Mr. Speaker, I am pleased to speak to BillC-2, even though this is the third time I have debated it in the House.

This is the bill to implement the free trade agreement between Canada and Colombia, the former Bill C-23, which has come back to the House again.

We really do not understand the Conservative government’s determination to make this a priority bill. This agreement with Colombia contains a number of flaws and raises a number of serious problems. Implementing it would be a serious mistake.

The Conservative government’s motivation for signing a free trade agreement really has nothing to do with trade, it has to do with investment. The agreement contains an investment protection chapter, which would make life easier for Canadian investors who want to invest in the mining sector in Colombia in particular.

Even that is negative, and I will say why in a moment. There is nothing positive about this free trade agreement and we will gain nothing from it. It is therefore incomprehensible that they would want to sign it.
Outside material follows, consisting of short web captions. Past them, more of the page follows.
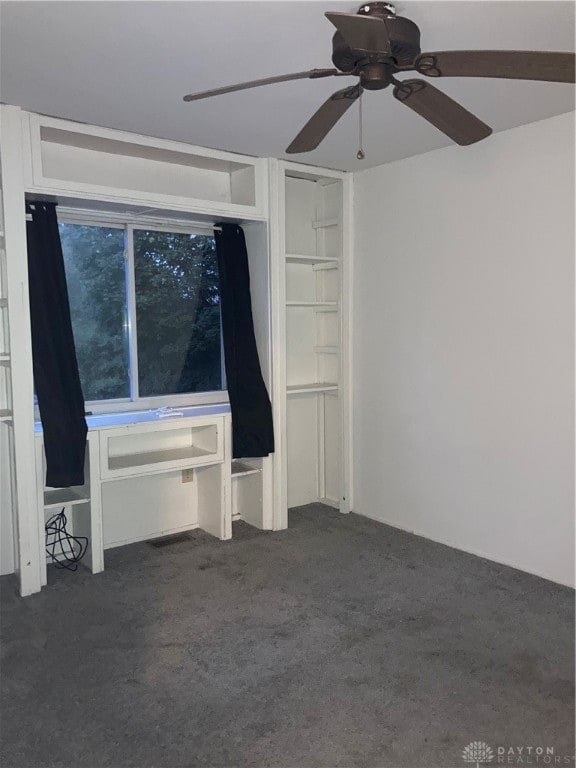 carpeted empty room featuring ceiling fan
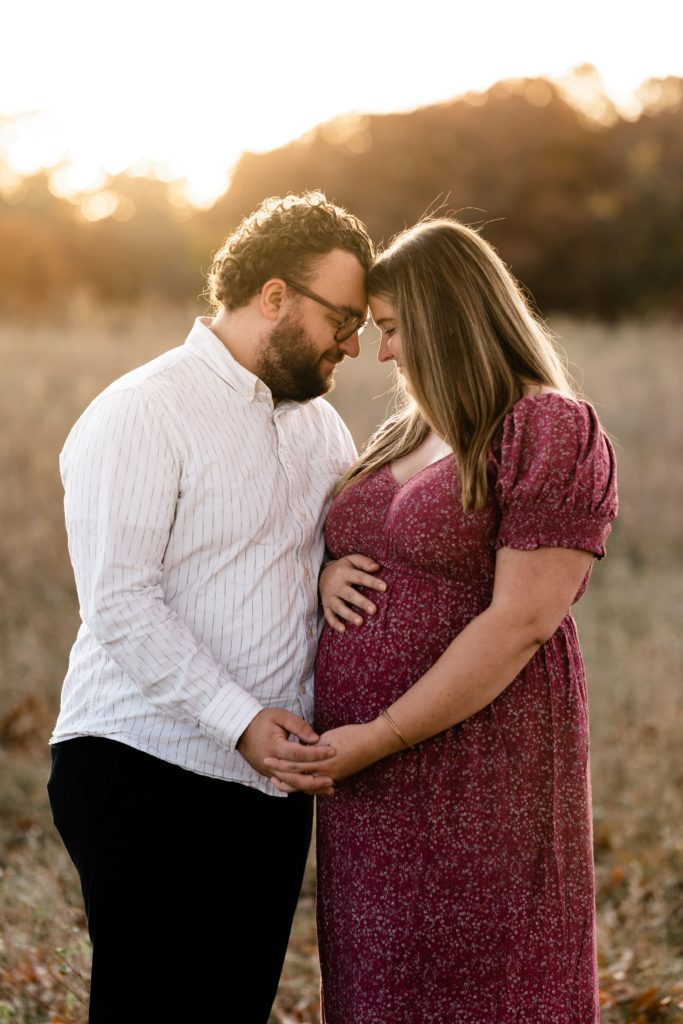 golden light streams behind an expecting couple during their fall maternity photoshoot as they press their foreheads together, holding hands in front of them as she rests her free hand on her belly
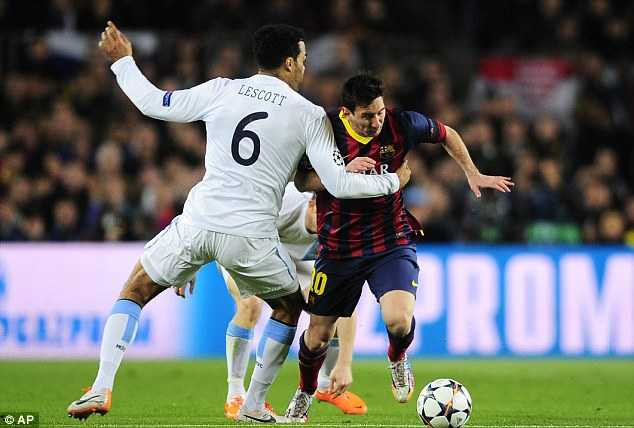 Bring him down: Messi is grabbed by Manchester City's Joleon Lescott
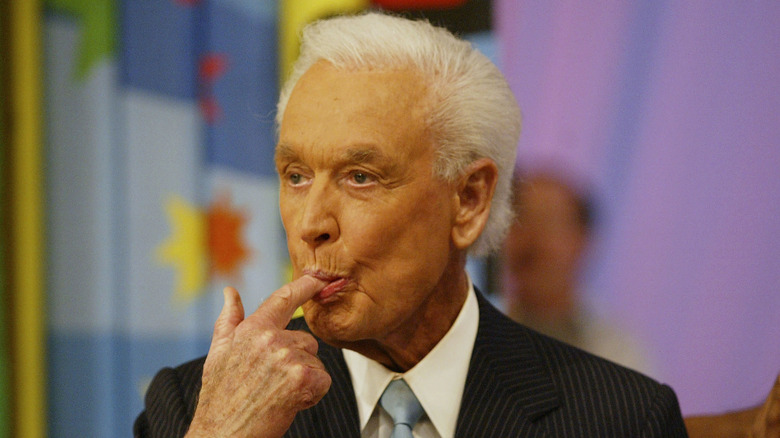 Bob Barker licks his finger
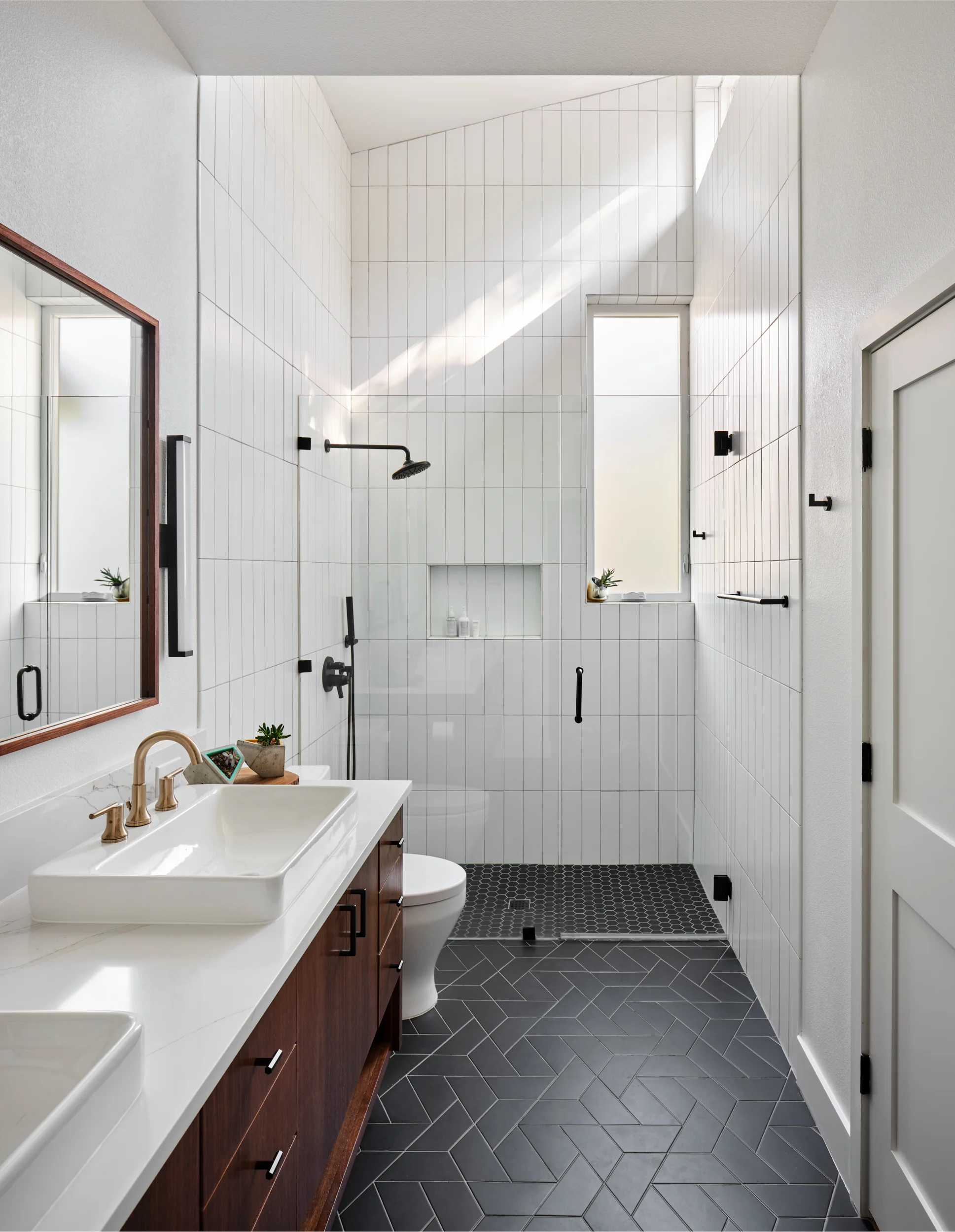 Walk-in shower with white vertical tile and black fixtures beside a wood vanity with a brass faucet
Colombia has one of the worst records in the world and probably in Latin America when it comes to human rights. Thousands of trade unionists have been killed. Since 1968, 2,690 trade unionists have been killed because of their union work, 46 of them in 2008.

Trade unionists are the target of violence, among other things. There have been many population displacements, and this is not because the people are not sedentary or like to move around. These displacements show that Colombia is a country that has no regard for fundamental rights. There are numerous examples of human rights abuses.

It is mainly small farmers and small miners who are displaced, who have to leave their land to accommodate the huge agri-food or mining corporations, probably the ones the Conservative government wants to help. There are various ways of displacing farmers and people who have a small mine.

You can make death threats against an individual or his children. Most of us would have cleared out long ago. There is also murder, which is even worse. As well, people’s land is flooded so they are no longer able to earn a living, and this forces them to leave. After that, the land is dried out so it can be used.

A fundamental principle of free trade agreements is not being respected. Normally a free trade agreement is signed by two countries with similar economies. I will not go so far as to say that nothing could be more dissimilar than the economies of Colombia and Canada, but that is pretty close to the reality.

Colombia has immense poverty: 47% of the population lives below the poverty line and 12% lives in absolute poverty. One fifth of the population lives on less than $1 a day. I did not invent this statistic; it comes from the UN.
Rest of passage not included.